Some of those institutions are a property register, systems of law, and courts and a police force with the power to coerce. The problem is, Haber et al. (2008b) argued, that under the rule of an authoritarian government, those same institutions make assets easier for the government to expropriate. So, under authoritarian governments, those institutions tend to be weak, especially because individuals and firms will not demand effective institutions in order to avoid the expropriation of their assets.
In the case of Mexico, during the early 1990s, there was no accurate real- property register and physical collateral was very difficult to repossess. In 1997, foreign banks were allowed to own banks in order to decrease the probability of expropriation. The problem was that foreign banks now controlled the banking system. By 1996, foreign banks controlled barely 7% of total bank assets, 20% by 1999, 83% by 2004 and 82% by 2015 (Haber et al. 2008a; Bravo 2017). This, along with the weak enforcement of contracts, meant that commercial banking did not have as a main target the productive sector (industry, services and housing) which barely received around 20% of the total credit given by the commercial banks (Bravo 2017).
The principal target of the commercial banks in the last two decades has therefore been consumer credit which has varied around 30% of the total credit given by commercial banks.
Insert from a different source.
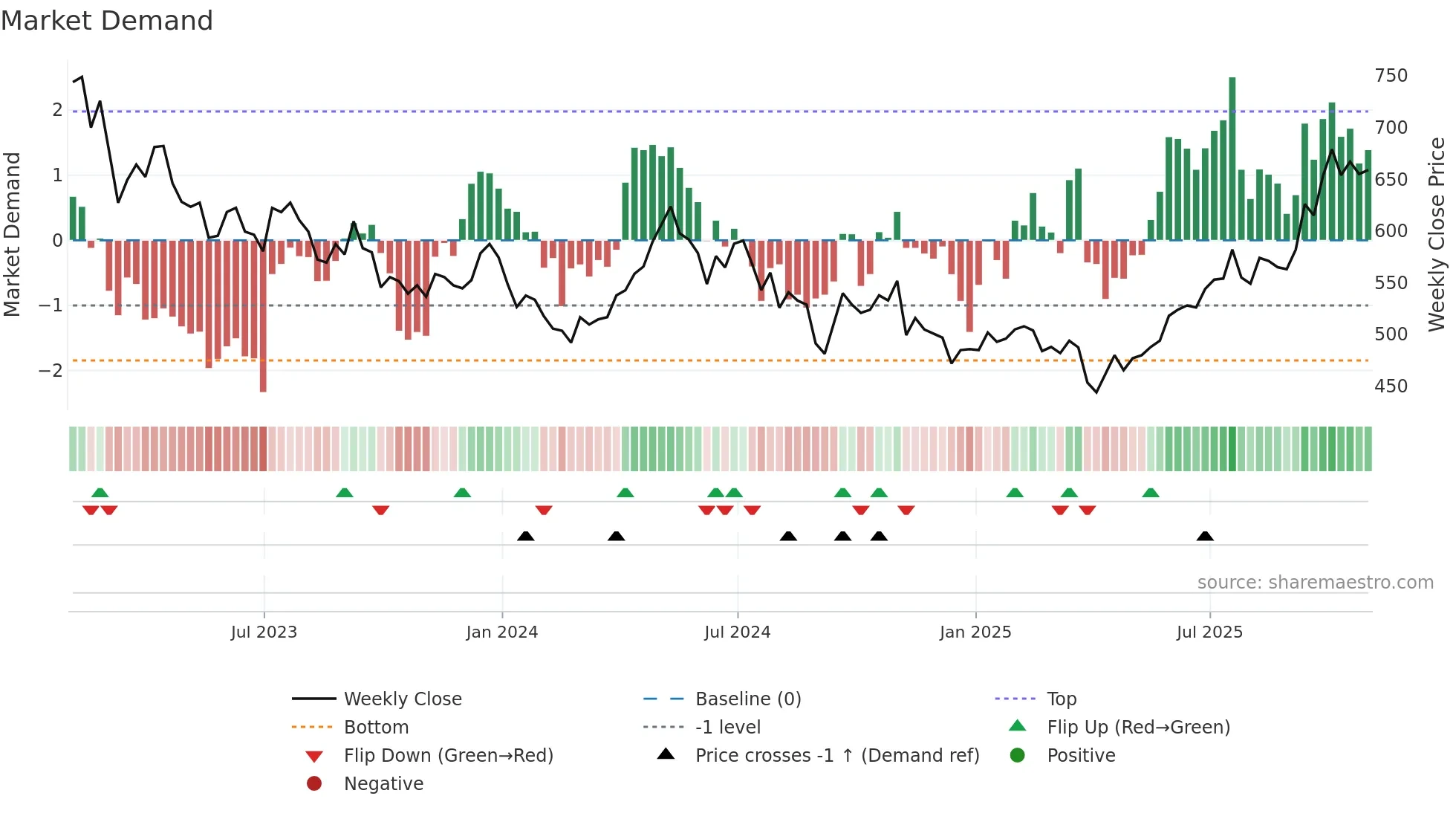 BRWM weekly Market Demand chart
Morever, the problem of having a banking system controlled by foreign banks with subsidiaries abroad is the possibility of transmitting a crisis to them, as happened in 2008. All this led to very weak adoption of technology by private companies, especially SMEs, since scarce credit prevented them from investing in new technology (Haber et al. 2008a; Bravo 2017).
Finally, there is the populist banking system. According to Calomiris and Haber (2014), the US is a very clear example. They stated that the American banking system has been crippled by populism because since its birth it has been controlled by coalitions composed of political elites, financiers and small groups of the private sector. Actually, between 1810 and 1980, the American banking system was composed of thousands of small banks -with no branches- and farmers which controlled the system under a complacent government which required in return lendings to state and federal governments. The problem with the lack of branches was, according to Calomiris and Haber (2014), that banks could not spread risks across the country or move funds quickly. The system was therefore volatile, uncompetitive and inefficient in credit allocation.
During the 1980s, the American banking system collapsed, which forced the government to allow the formation of banks with branches all over the country, bringing down the coalition between the unit banks and the populist agrarians. After a quick series of mergers and acquisitions, large banks such as J. P. Morgan and The Bank of America started to be created, building a similar banking system to the Canadian one (Calomiris & Haber 2014). However, the 2007-2009 financial crisis led to the formation of a different coalition which took over the banking system.
Calomiris and Haber (2014) argued that the probability of a bank collapsing increases when two conditions are present simultaneously. First, banks take high risks in their loans and investments, and second, they do not have adequate capital to absorb the costs associated with those risky loans and investments. The US banking system presented both of these problems simultaneously. According to Calomiris and Haber (2014), megabanks and activist groups -which had encouraged the expansion of risky mortgage lending to poor and metropolitan borrowers- allied and took over the banking system.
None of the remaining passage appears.